Abstract Syntax Tree is more important than implementations

As suggested in the topic First steps towards an AST it would help to have a defined abstract syntax tree (AST). I’d prefer JSON because it is better supported in any language (except XSLT) than XML. In addition, pandoc already provides a JSON structure (but based on Pandoc Markdown instead of CommonMark). Given a AST emitting CommonMark parser you can avoid implementation in another parser but just parse the AST in JSON, e.g. in Perl:

open my $fh, "pandoc -t json < file.md |";
$doc = decode_json(<$fh>);

By the way Aaron Swartz wrote about this issue in 2004:

I’m not too worried about calling out to a separate process — it’s pretty cheap most of the time. If it actually does become a bottleneck, you can pretty easily switch to a server-client model. Having Markdown in your favorite language, while nice, is probably not the best use of time.

1 Like

Maybe I am out of the loop here, but doesn’t the current reference implementation (in C) allow you to output an AST with the --ast flag? Please see @jgm’s reply to CommonMark Formal Grammar: “it will give you a representation of the syntax tree”.

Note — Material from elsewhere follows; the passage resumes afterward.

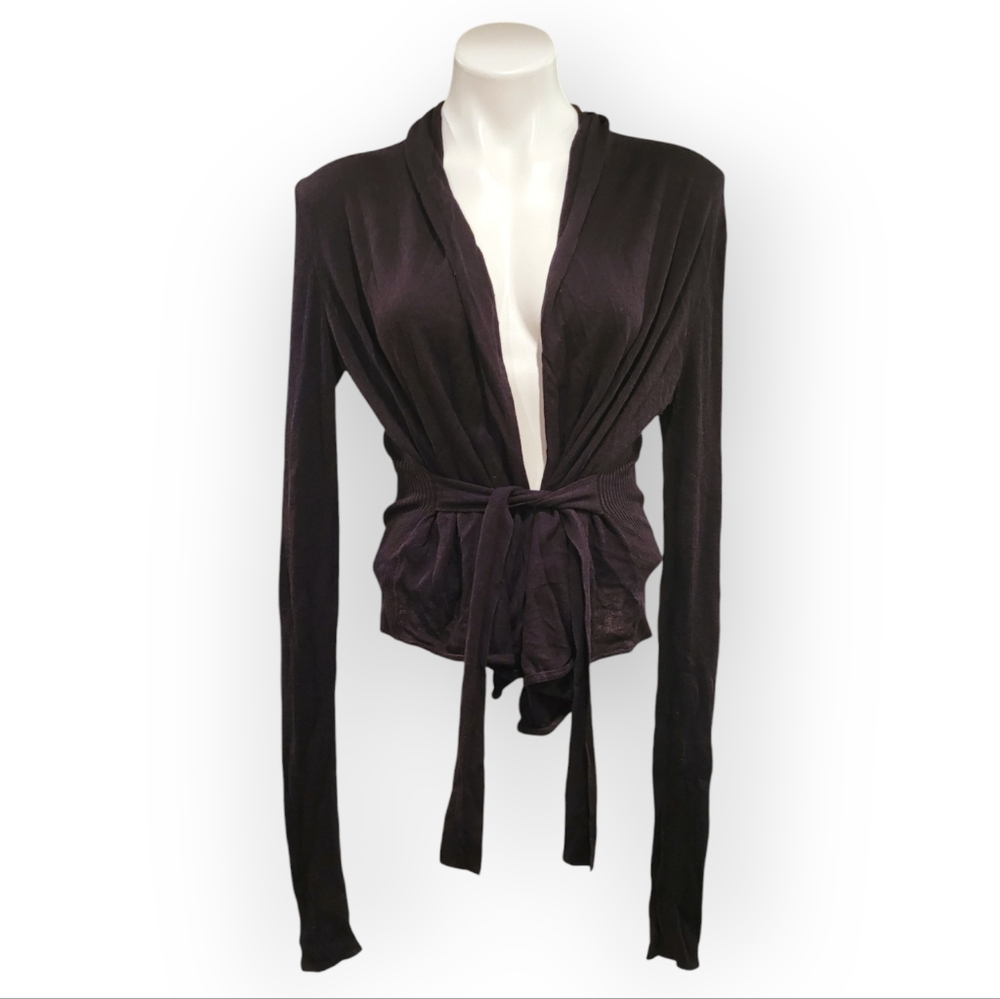 BCBGMAXAZRIA Womens L Long Sleeve Cardigan With Waist Tie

Yes, the implementation already provides an AST. But unless mentioned in the specification, this AST may change without violating the specification. I guess it’s safe to start creating CommonMark processors that just make use of the AST instead of wasting time with more CommonMark parsers. And if you insist writing a parser in your favorite language, the parser should better emit the AST instead of HTML.